### WHAT YOU SHOULD DO
Quote the entries below from the line with "9+ My Little" through the line with "John Absolon - Woman", both ends included, and only those lines.

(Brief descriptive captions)

+ + + + + + +

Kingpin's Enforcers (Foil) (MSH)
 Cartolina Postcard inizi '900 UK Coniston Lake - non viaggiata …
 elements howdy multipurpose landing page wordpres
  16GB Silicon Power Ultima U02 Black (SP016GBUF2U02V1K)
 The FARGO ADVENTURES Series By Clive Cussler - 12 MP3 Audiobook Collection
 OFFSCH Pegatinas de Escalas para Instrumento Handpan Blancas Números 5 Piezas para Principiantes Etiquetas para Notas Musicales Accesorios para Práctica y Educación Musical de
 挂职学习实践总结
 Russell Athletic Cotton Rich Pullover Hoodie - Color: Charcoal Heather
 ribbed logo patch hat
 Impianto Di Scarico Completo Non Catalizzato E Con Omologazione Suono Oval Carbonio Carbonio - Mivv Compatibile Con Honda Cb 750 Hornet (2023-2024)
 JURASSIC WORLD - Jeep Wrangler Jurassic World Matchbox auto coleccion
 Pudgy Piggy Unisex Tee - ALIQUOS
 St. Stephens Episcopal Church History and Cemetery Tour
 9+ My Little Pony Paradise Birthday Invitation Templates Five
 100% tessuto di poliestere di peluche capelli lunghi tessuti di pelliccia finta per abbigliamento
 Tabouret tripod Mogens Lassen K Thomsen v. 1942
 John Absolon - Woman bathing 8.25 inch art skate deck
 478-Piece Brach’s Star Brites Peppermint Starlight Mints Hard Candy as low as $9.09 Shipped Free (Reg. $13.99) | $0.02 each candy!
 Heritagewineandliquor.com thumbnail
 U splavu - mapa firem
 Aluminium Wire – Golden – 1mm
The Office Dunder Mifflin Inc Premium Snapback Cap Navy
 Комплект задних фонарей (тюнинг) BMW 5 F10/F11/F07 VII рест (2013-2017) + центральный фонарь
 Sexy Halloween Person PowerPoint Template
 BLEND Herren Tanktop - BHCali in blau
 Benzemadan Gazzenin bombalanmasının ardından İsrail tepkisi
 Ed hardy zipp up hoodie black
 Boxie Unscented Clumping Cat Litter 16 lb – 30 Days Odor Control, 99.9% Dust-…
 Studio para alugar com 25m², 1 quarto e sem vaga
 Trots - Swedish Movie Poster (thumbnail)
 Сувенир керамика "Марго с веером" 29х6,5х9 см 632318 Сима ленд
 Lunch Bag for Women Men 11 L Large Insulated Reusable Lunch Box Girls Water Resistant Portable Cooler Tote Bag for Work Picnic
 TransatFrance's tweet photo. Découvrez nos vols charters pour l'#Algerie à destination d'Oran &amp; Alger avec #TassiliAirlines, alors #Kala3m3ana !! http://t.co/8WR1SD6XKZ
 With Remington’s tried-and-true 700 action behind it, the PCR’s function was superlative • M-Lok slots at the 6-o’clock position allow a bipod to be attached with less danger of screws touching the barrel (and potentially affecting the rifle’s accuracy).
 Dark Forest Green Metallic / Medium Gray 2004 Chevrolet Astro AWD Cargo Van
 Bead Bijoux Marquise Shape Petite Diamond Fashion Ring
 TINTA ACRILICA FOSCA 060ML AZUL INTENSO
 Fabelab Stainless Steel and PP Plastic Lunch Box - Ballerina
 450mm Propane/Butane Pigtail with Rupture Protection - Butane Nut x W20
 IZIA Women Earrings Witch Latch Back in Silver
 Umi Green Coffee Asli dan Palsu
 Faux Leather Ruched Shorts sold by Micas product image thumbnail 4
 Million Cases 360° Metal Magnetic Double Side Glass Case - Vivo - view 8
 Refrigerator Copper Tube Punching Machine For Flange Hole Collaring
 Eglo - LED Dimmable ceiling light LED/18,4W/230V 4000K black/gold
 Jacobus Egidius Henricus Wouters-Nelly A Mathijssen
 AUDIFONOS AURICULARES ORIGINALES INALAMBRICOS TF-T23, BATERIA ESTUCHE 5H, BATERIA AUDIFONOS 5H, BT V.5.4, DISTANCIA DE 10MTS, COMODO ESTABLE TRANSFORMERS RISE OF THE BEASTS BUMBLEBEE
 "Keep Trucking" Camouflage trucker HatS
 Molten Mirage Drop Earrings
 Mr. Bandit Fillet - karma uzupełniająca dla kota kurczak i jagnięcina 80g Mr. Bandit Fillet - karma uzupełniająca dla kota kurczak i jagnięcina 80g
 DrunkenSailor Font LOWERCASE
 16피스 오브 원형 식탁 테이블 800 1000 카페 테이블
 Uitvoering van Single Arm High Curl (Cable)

+ + + + + + +

### SOLUTION TO THIS EXERCISE
 9+ My Little Pony Paradise Birthday Invitation Templates Five
 100% tessuto di poliestere di peluche capelli lunghi tessuti di pelliccia finta per abbigliamento
 Tabouret tripod Mogens Lassen K Thomsen v. 1942
 John Absolon - Woman bathing 8.25 inch art skate deck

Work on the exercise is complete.